>>>>

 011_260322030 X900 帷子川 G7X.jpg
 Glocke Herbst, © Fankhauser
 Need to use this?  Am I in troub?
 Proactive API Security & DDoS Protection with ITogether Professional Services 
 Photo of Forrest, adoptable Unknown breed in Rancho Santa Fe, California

<<<<
>>>>

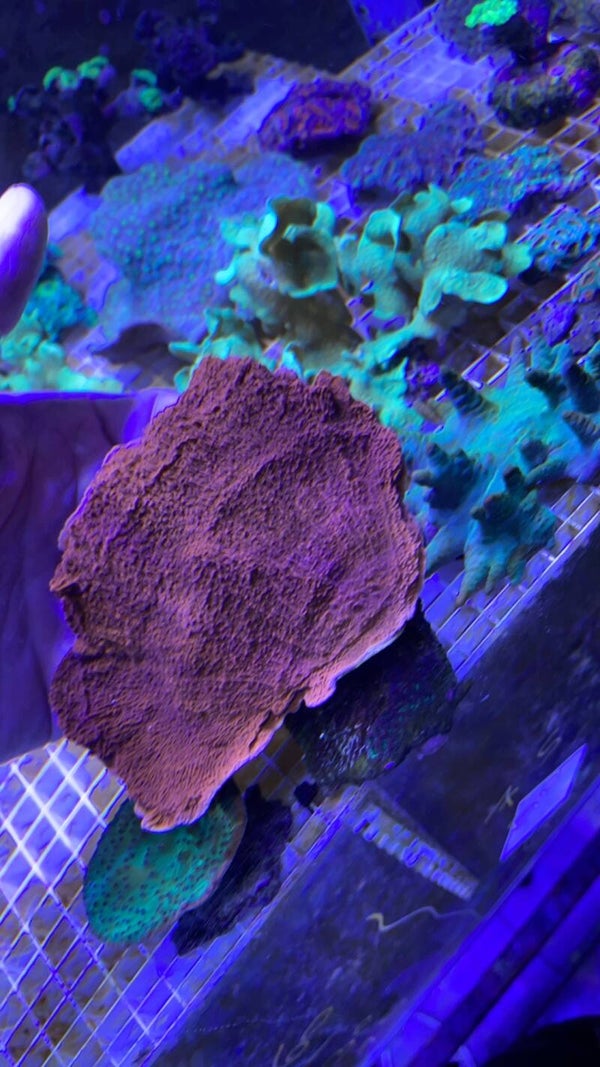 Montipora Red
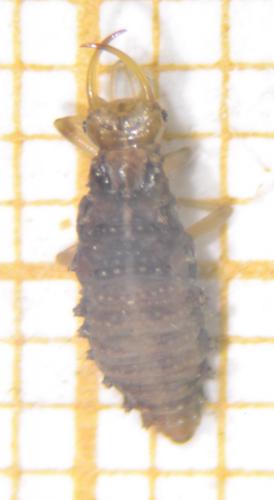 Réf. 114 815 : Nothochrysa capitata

<<<<

What you should do: Extract the lines of the preceding material that run from the line with "011_260322030 X900 帷子川 G7X.jpg" through the line with "Photo of Forrest, adoptable", inclusive, reproducing them exactly and adding nothing.

Answer below:
 011_260322030 X900 帷子川 G7X.jpg
 Glocke Herbst, © Fankhauser
 Need to use this?  Am I in troub?
 Proactive API Security & DDoS Protection with ITogether Professional Services 
 Photo of Forrest, adoptable Unknown breed in Rancho Santa Fe, California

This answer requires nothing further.